As John Key pondered the offer of an elephant from Sri Lanka (only the excess baggage fees held him back) his far more important personal meeting with the Queen a month or so back was almost forgotten.
But from that meeting came momentous results. You recall the news in early November which ran like this, ''the most popular members of the Royal Family - including their newest addition - look set to visit New Zealand next year, even though it's an election year.''
What a coup for Mr Key! How did it come about? A transcript (kindly supplied by the Washington Post) of the private meeting has been sent to us.
How would any of us handle a one-on-one with John Key? A daunting prospect, but the Queen is made of stern stuff.
''Please, John, make yourself at home. How kind of you to come all this way. Some prime ministers grizzle about having to come for tea. Have a lamington. They're the raspberry ones, not those ugly Australian chocolate ones.
''I've got some Anzac biscuits for that new chap from Australia. He's a monarchist. You might learn from him, John. Lovely to see you've brought your children with you.
''My own children keep being roughed up by the police when they stroll around, so I hope your youngsters aren't subjected to that. Mind you, some of my offspring are dodgy-looking characters, but I think a mother can say that and still love them, can't she?

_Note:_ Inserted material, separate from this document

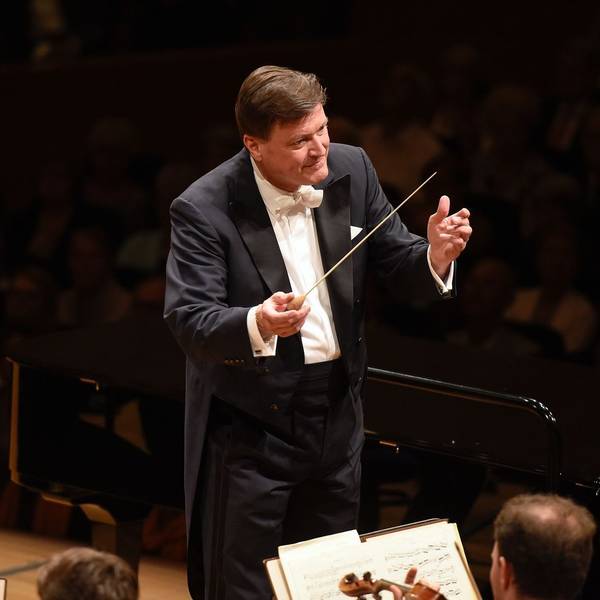 Das Bild zeigt Christian Thielemann, er trägt einen schwarzen Anzug mit weißem Hemd und hält einen Taktstock in der Hand. Er ist seinem Orchester zugewandt.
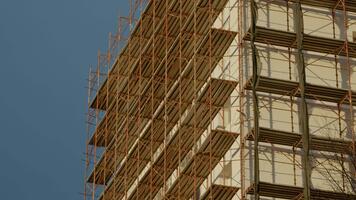 arbetare är förstärkning termisk effektivitet förbi isolerande en flervånings lägenhet byggnad. de projekt är del av ett pågående rehabilitering och renovering ansträngning. video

''And your lovely wife is here? She has to keep reminding you where you are, they tell me. How jolly. I hear you've been in Dunedin lately?''
''Have I, your queenship? I'm sorry, I can't recall it. One is so busy, you know.''
''Of course. But I'm told you were speaking to the Young Achievers?''
''Oh, yes. Young Nats most of them, but you'd expect that, wouldn't you?''
''I'm sure I couldn't comment on that. But I have fond memories of Dunedin. We stayed at the Law Courts in '54. Where do you stay?''
''As a matter of fact, your royalness, I never stay in Dunedin. I'm not very popular there.''
''Gracious heavens, why ever not?''
''The people are not too pleased with my Government's plans to close the town down.''
''How selfish of them. I'm sure you are doing it for their own good.
''But you are wise not to stay too long. I used to make my Belfast trips as short as possible, too.''
''I have to report, your majesticness, that Queenstown has been named ''Resort of the Year'' by the Oklahoma City Evening Bugle. I'm told the town was named after a relative of yours.''
''Yes, I believe so. Now, I hope you are comfortable. Room warm enough? This is a pretty old castle, you know.''
''Yes, it's fine. I grew up in a state house so I'm quite at home here.''
''One tries to keep up appearances, but you'd never guess the cost of new battlements.''
''I can imagine, your mightiness, we have the same problem with the Beehive. I'm thinking of having it condemned. Could be cheaper all round.''
''Oh, how lucky you are. We can't pull down the palaces. It must be wonderful being just an ordinary prime minister?''
''Well, not too ordinary, I hope, your marvellousness?''
''Of course not, John. You are quite out of the ordinary. I'm proud to have your country in my collection. But I think you're hiding something. How are you, I mean, really deep down?''Oh, a touch of indigestion now and again. You know what Bellamy's food is like.''
''No, no. I mean how are things that really matter?''''Well, I may as well tell you. I am worried about the next election. I know it's a year away, but it could be dicey.''
''Gracious heavens, you don't mean those Labour people might win?''
''It could happen, your graciousness. They have a new leader who no-one seems to like much. That's always the making of a prime minister. And most of my own caucus are, well, pretty flaky.''
''Oh, John, how dreadful for you. Have another lamington. Is there anything I can do?''
''There is. But I hesitate to ask.''
''Please. What are friends for?''
''Well, your superlativeness, I realise your own travelling is limited ... ''
''Indeed it is. A quick dash down to the dairy for the Morning Star is about my limit these days.''
''... but we desperately need a royal tour next year if I'm to win the election.''
''Well, there's Anne? And young Harry?''
''With all due respect, your excellence, it really has to be William, Kate and George. They're the biggest show in town. Even better if you could throw in the sister-in-law with the tight skirts.''
''I'll see what I can do.''
''Thank you, thank you, your benevolence. I'll get the Buzzy Bee people into gear right away.''
Jim Sullivan is a Dunedin writer and broadcaster.